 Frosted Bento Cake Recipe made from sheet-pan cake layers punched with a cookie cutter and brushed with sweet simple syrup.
==*==
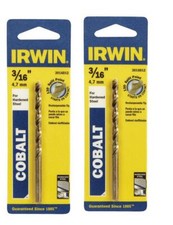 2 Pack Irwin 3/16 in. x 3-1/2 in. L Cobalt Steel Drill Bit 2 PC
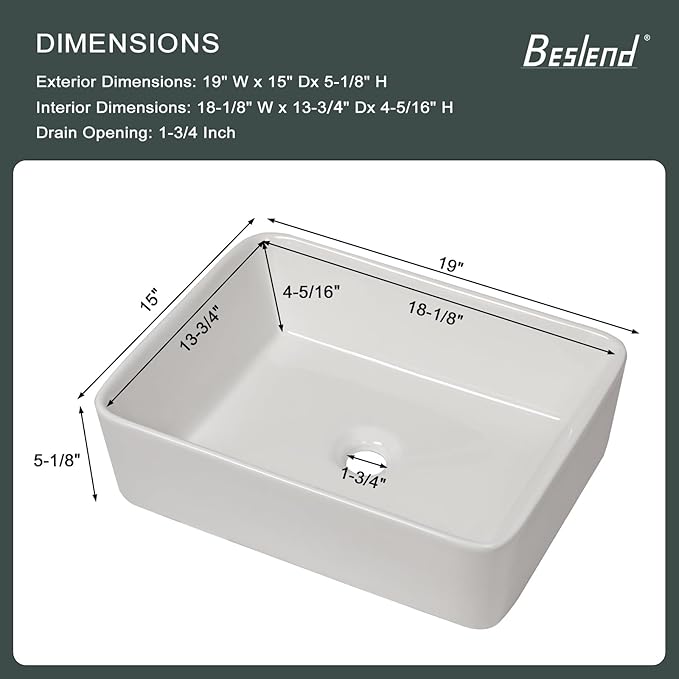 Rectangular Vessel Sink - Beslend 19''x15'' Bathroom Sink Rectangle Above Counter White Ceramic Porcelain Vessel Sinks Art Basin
==*==
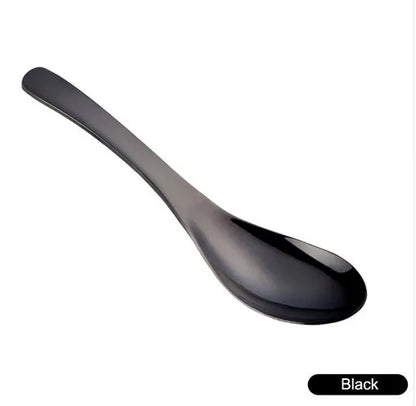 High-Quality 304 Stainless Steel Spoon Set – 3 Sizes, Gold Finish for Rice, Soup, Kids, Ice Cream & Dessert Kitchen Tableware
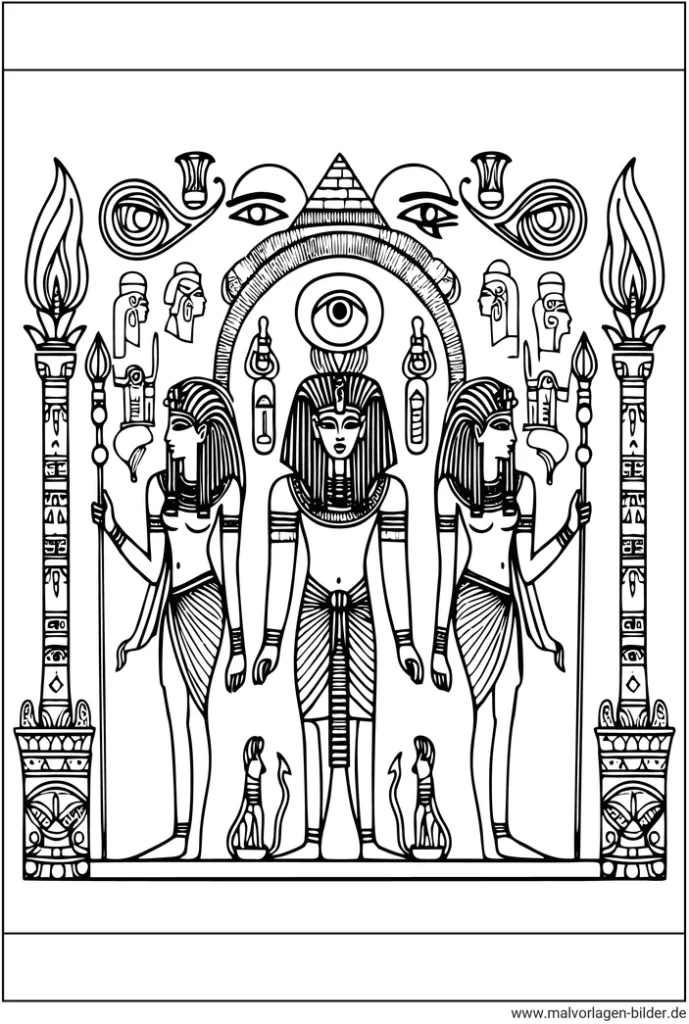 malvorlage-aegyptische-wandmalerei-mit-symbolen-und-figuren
==*==
| PROMPT |
Starting at the line that contains "2 Pack Irwin" and ending at the line that contains "Rectangular Vessel Sink", transcribe the material above exactly, excluding pictures.

| RESULT FOR THIS TASK |
 2 Pack Irwin 3/16 in. x 3-1/2 in. L Cobalt Steel Drill Bit 2 PC
 Rectangular Vessel Sink - Beslend 19''x15'' Bathroom Sink Rectangle Above Counter White Ceramic Porcelain Vessel Sinks Art Basin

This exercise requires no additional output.